PROBLEM STATEMENT:
In the material below, the line holding "Galatasaray şampiyonluğu taraftarlarıyla" and every line after it should be reproduced exactly, please, with pictures omitted.

___ DATA TO USE

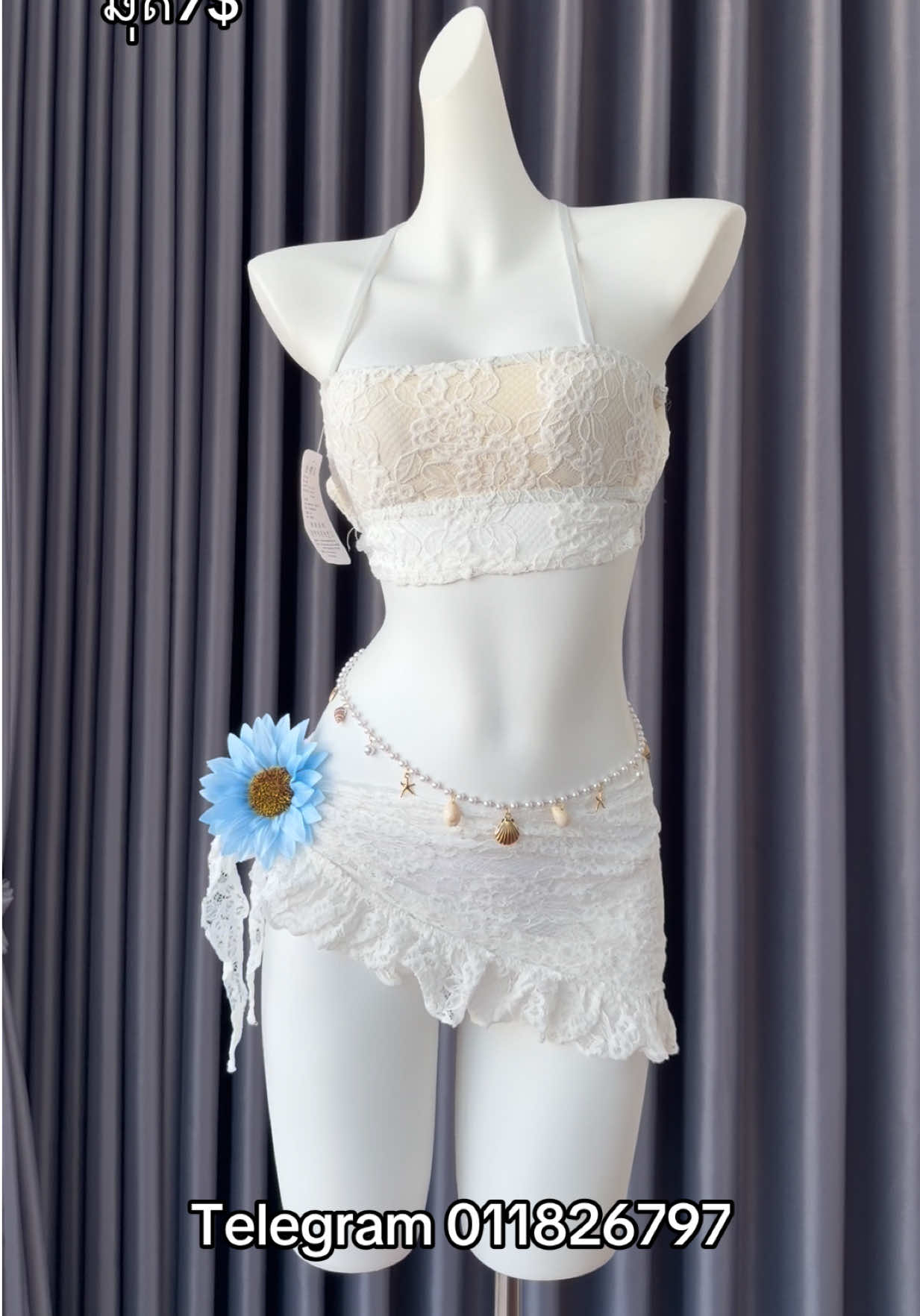 @TM Fashion II (Swimsuit)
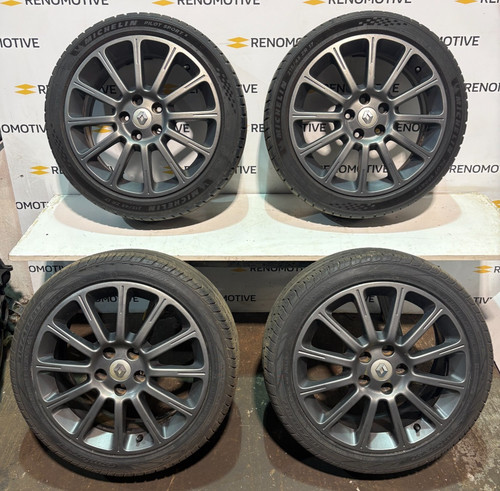 Renault sport clio - renault,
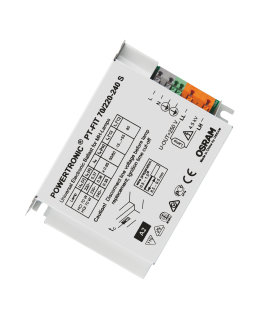 

ЭПРА Osram Pt-fit 70/220-240 s vs20
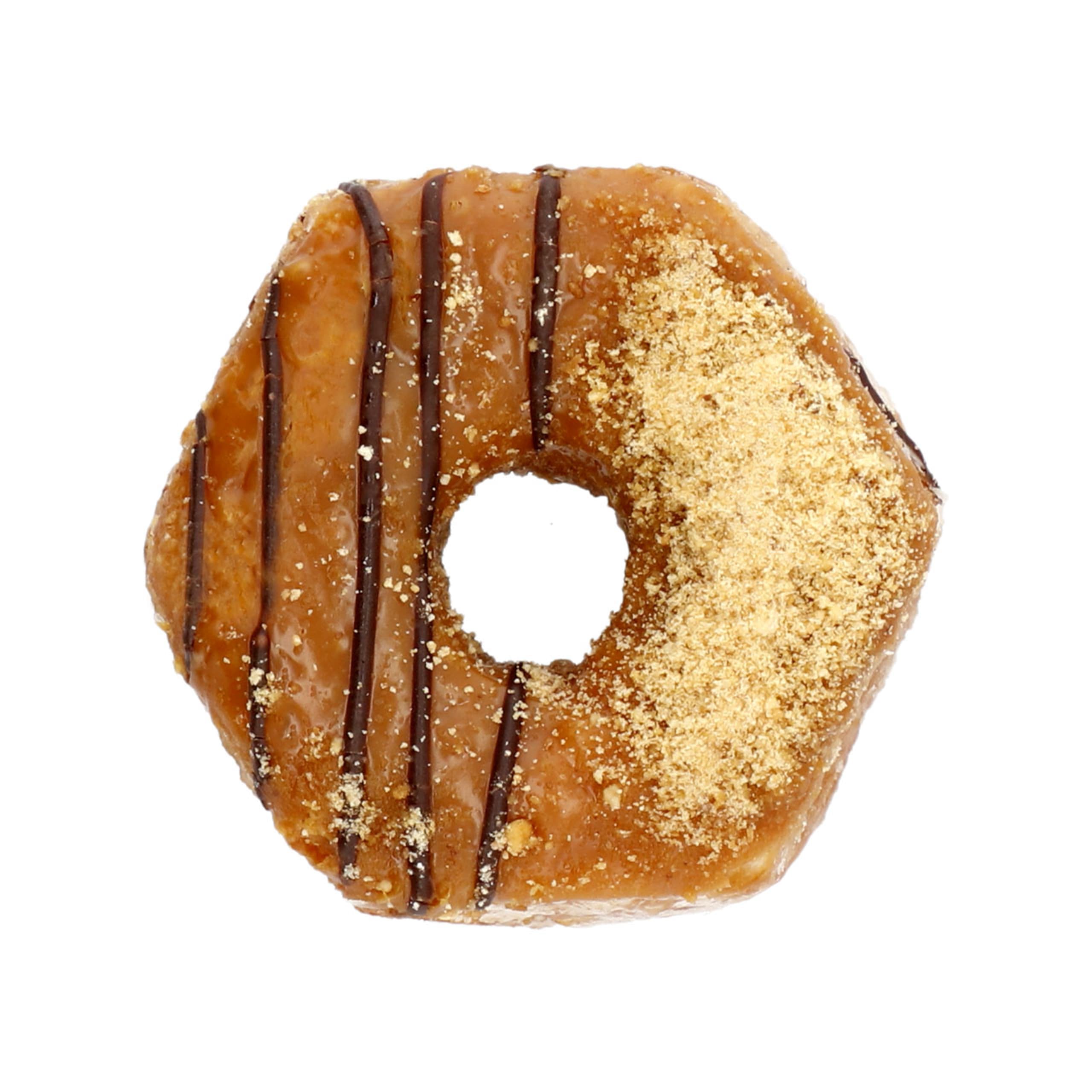 Billionaire's Yumnut 1 of 2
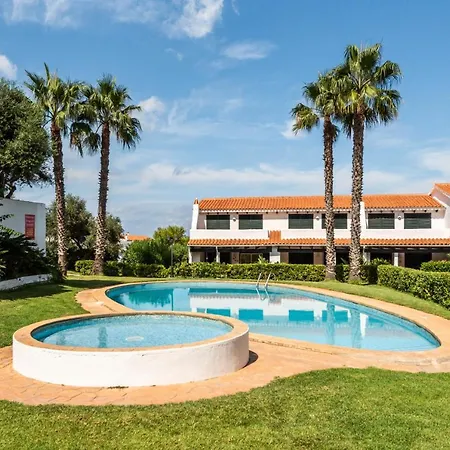 Appartement Arenal Jardin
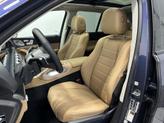 Thumbnail of 2026 Twilight Blue Metallic Mercedes-Benz GLE 350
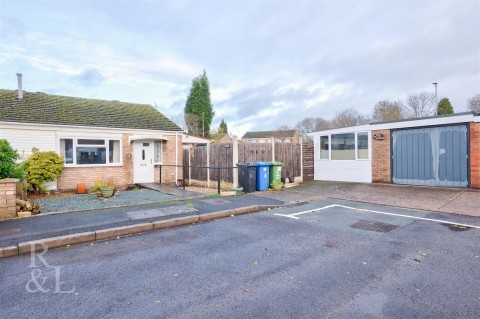 Property thumbnail image for Cherwell, Tamworth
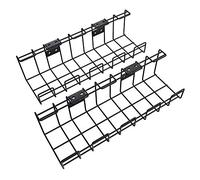 KD Essentials - Under-Desk Cable Management - size M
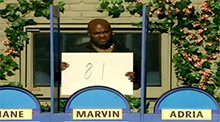 Marvin Latimer wins HoH Big Brother 5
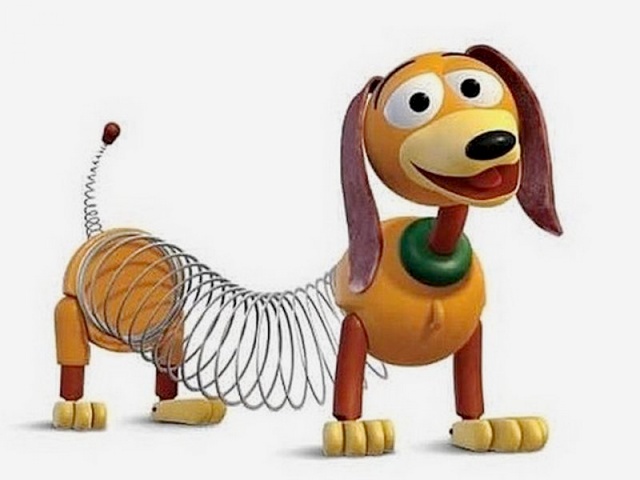 Toy Story 3 Slinky Dog - The Slinky Dog, a dachshund toy (voiced by Blake Clark) from 'Toy Story 3' . - , Toy, Story, 3, Slinky, Dog, dogs, cartoon, cartoons, film, films, movie, movies, picture, pictures, sequel, sequels, serie, series, toys, dachshund, Blake, Clark - The Slinky Dog, a dachshund toy (voiced by Blake Clark) from 'Toy Story 3' . Lösen Sie kostenlose Toy Story 3 Slinky Dog Online Puzzle Spiele oder senden Sie Toy Story 3 Slinky Dog Puzzle Spiel Gruß ecards  from puzzles-games.eu.. Toy Story 3 Slinky Dog puzzle, Rätsel, puzzles, Puzzle Spiele, puzzles-games.eu, puzzle games, Online Puzzle Spiele, kostenlose Puzzle Spiele, kostenlose Online Puzzle Spiele, Toy Story 3 Slinky Dog kostenlose Puzzle Spiel, Toy Story 3 Slinky Dog Online Puzzle Spiel, jigsaw puzzles, Toy Story 3 Slinky Dog jigsaw puzzle, jigsaw puzzle games, jigsaw puzzles games, Toy Story 3 Slinky Dog Puzzle Spiel ecard, Puzzles Spiele ecards, Toy Story 3 Slinky Dog Puzzle Spiel Gruß ecards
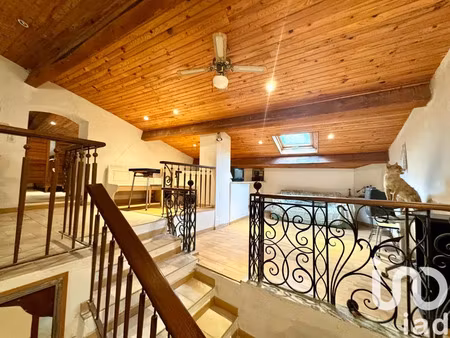 appartement à breil-sur-roya (06540)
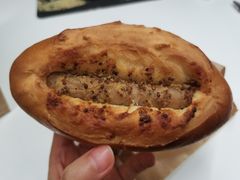 -熊叔熊婶面包房(团结湖店)
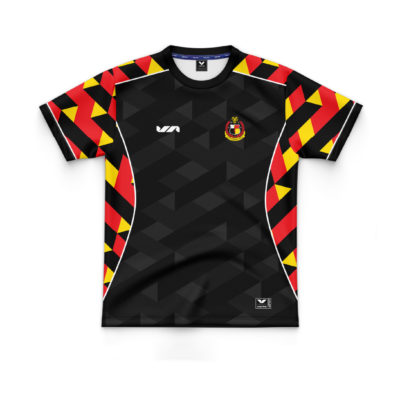 MCKK FANS ISSUE SHORT SLEEVE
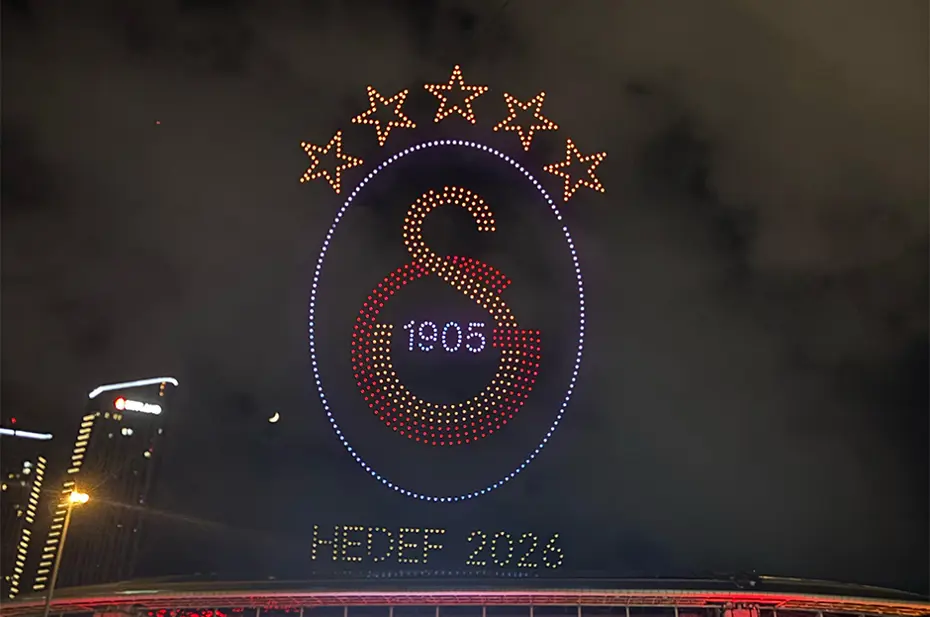 Galatasaray şampiyonluğu taraftarlarıyla kutladı - 3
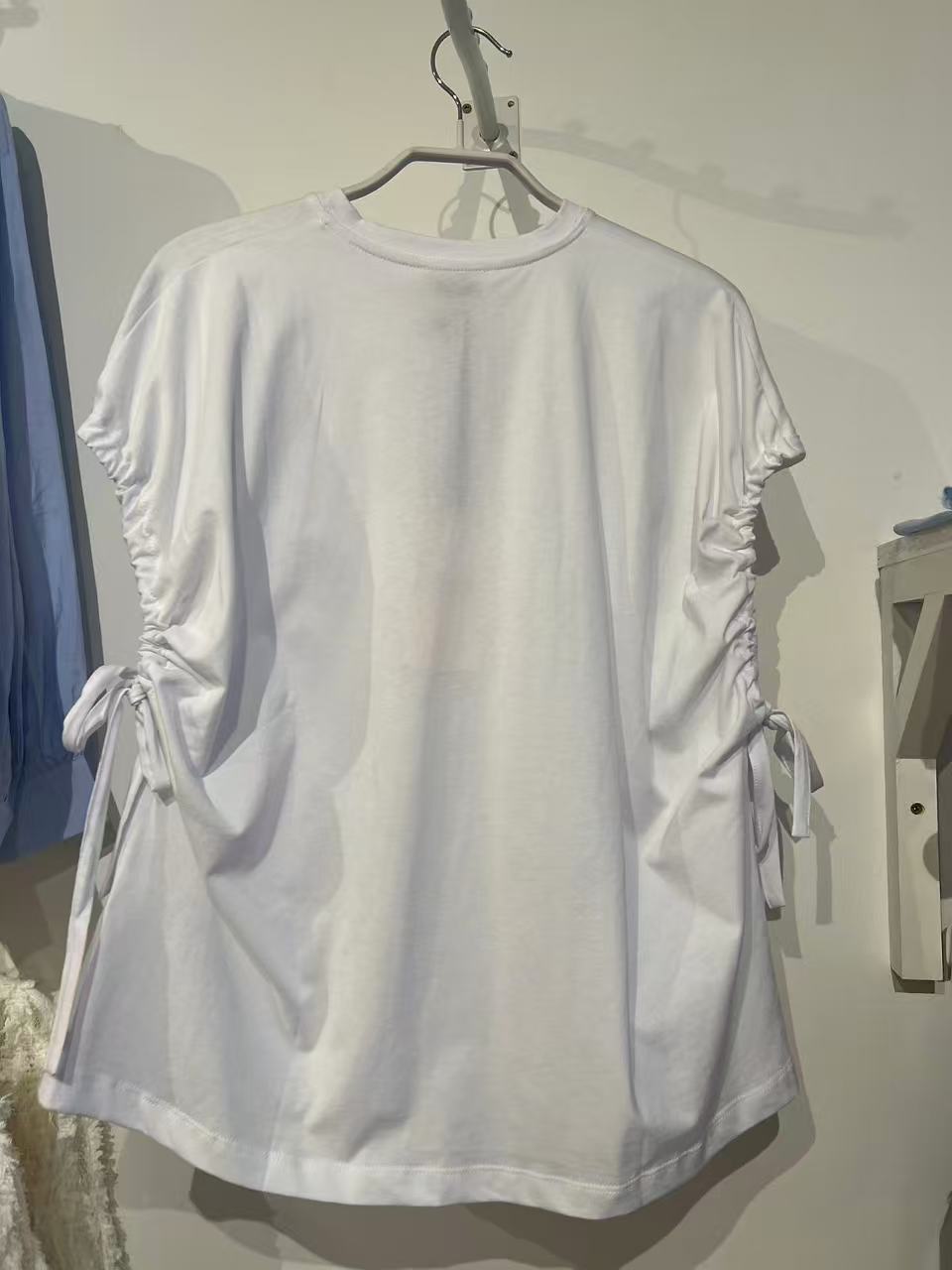 Ottod'Ame Cotton Top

______

THE ANSWER:
 Galatasaray şampiyonluğu taraftarlarıyla kutladı - 3
 Ottod'Ame Cotton Top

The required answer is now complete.